Farwa Sajadi
Conference 2023 Presentation
Project title
The roles of ITP and ITP-L in the female mosquito, Aedes aegypti
Authors and Affiliations
Farwa Sajadi1, Jean-Paul Paluzzi1
1. Department of Biology, York University, Toronto, Canada
Abstract
Background
The insect ion transport peptide (ITP) and its alternatively spliced variant, ITP-like (ITP-L) belong to the crustacean hyperglycemic hormone family of peptides and are widely conserved among insect species. While limited, various studies have characterized the ITP/ITP-L signaling systems within many insects, and putative functions including regulation of ion and fluid transport, ovarian maturation, and thirst/excretion have been proposed. However, to date, the expression pattern, tissue distribution, and physiological function of either ITP or ITP-L has not been elucidated in the mosquito, Aedes aegypti.
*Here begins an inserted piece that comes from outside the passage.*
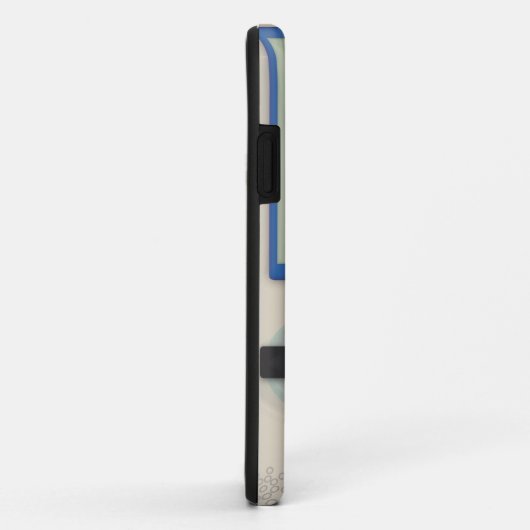 Handheld spelconsole Case-Mate iPhone case (Achterkant/rechts)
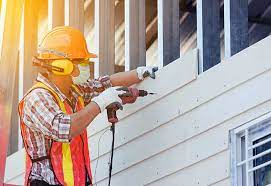 Best Custom Siding Design  in Tullahoma, TN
Herein, we aim to molecularly investigate ITP and ITP-L expression profiles in A. aegypti, and examine peptide immunolocalization and distribution within adult tissues.
Methods
To examine a temporal and spatial profile of ITP and ITP-L, mRNA transcript levels were measured using quantitative-PCR. Wholemount immunohistochemistry was used to localize both ITP and ITP-L to the central nervous system of the adult mosquito. Lastly, to investigate a putative role in feeding and starvation, adult mosquitoes were isolated post-emergence and placed into a sucrose-fed, non-fed, or water-fed treatment, and were subsequently collected after 24 or 48h and mRNA transcript levels were measured. Additionally, female mosquitoes were allowed to blood feed, and isolated after 1, 6, 12, or 24 hours post-blood-feeding, and mRNA transcript levels of ITP and ITP-L were measured.
Results
Thus far, transcript expression profiles of both ITP and ITP-L reveal enrichment in males, with ITP exclusively expressed in the brain, and ITP-L expressed predominantly in the abdominal ganglia. Using immunohistochemistry, the central nervous system from adult mosquitoes revealed ITP-like immunostaining in one pair of lateral neurosecretory cells in the posterior region of each brain hemisphere. ITP-L-like immunostaining was observed in one neurosecretory cell located medioposteriorly and ventrally on each abdominal ganglia, with nerve processes migrating anteriorly from the neurosecretory cell and emanating laterally through projections to potential putative neurohaemal sites. Lastly, both starvation and blood-feeding caused upregulation of ITP and ITP-L mRNA in adult mosquitoes, suggesting possible functional roles in ionoregulation.
Conclusions
These findings demonstrate the localization of ITP and ITP-L to the central nervous system of the mosquito with potential roles in bloodfeeding and/or reproduction. Gaining a more comprehensive understanding of these pathways and signalling systems can allow us to further unravel the complex neuropeptidergic regulation in the A. aegypti mosquito.